Don’t count out the month of November as a blasé time to be outdoors; try exploring areas such as the Niagara Escarpment for something to behold.
Here in Ontario, the Niagara Escarpment runs from Niagara Falls along Lake Ontario through the Niagara Peninsula, then takes a sharp left turn at the town of Milton before continuing toward Georgian Bay.
This strip’s natural and ecological elements are so special that it was declared a World Biosphere Reserve by the United Nations Educational, Scientific and Cultural Organization (UNESCO) in 1990!
The forests, wetlands, cliffs and meadows of the Escarpment support over 300 species of bird, 52 mammals, 100 types of fish and 30 reptiles & amphibians. Holy biodiversity, Batman!
Two parks fall right along this line: Forks of the Credit and Mono Cliffs Provincial Parks. Both are a great place to see the Escarpment up close.
Both day-use parks have parking and washrooms. You can purchase a day-use pass (covering everyone in your vehicle) at the self-serve fee station machines. Forks of the Credit has approximately 10 km of hiking trails of various levels of difficulty and Mono Cliffs has approximately 19 km.
Over 11,000 years ago, after the last glacier retreated northward, the sedimentary rock layers in this area eroded, creating the escarpments with the softer layers undermining the harder layers above (dolomite and limestone).

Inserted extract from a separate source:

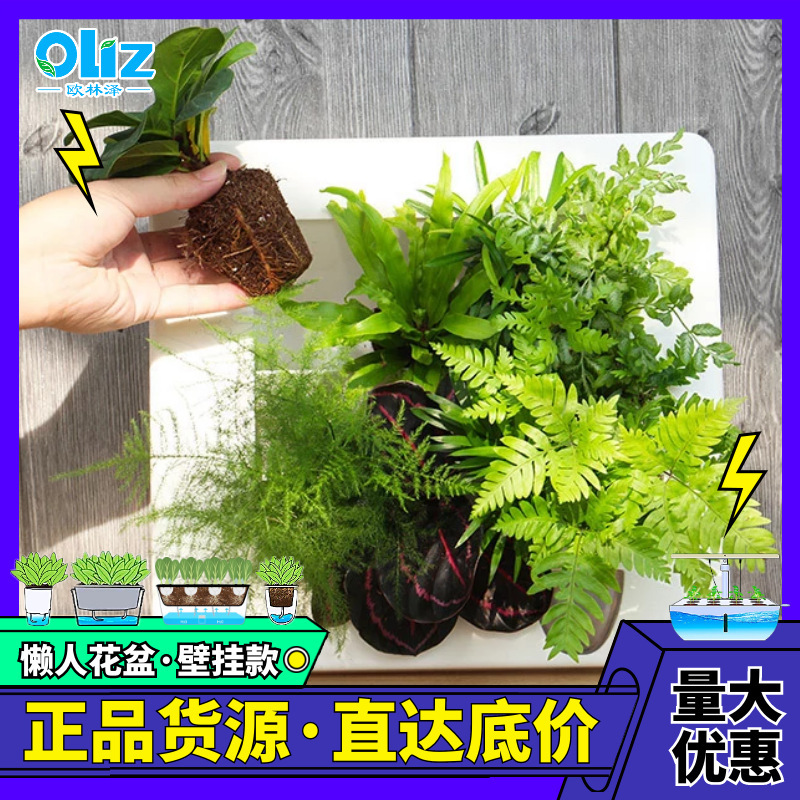 Factory spot photo frame wall hanging K cross-border DIY micro landscape fleshy lazy flower pot ins creative decoration living room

In addition to the rock, sand and gravel that the glaciers dumped in the area, large chunks of ice also created the nearby kettle lake (McCarston’s Lake), which has no inlet or outlet.

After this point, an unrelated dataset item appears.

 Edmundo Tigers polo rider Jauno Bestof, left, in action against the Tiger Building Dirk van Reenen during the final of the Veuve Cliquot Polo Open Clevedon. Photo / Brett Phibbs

Don’t just look up when hiking across the Escarpment. Have a look down and keep an eye out for the 44 different species of ferns that are still visible in the autumn. Mono Cliffs is one of the few places you will spot a Hart’s-tongue Fern as they are a rare occurrence in North America (and listed as an Ontario “Special Concern”).

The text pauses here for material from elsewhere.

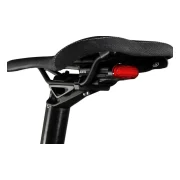 Lupine C14 Mag International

Forks of the Credit and Mono Cliffs are open all year round. They are great assets in protecting the significant geological and biological resources of the park, while still offering visitors the chance to explore.
Pro-tip: head to both of these parks to enjoy the “shoulder season,” when there are no insects, no crowds, and no leaves blocking your view.
And as you plan your winter adventures, remember that these parks are also great spots for cross-country skiing and snowshoe in the winter.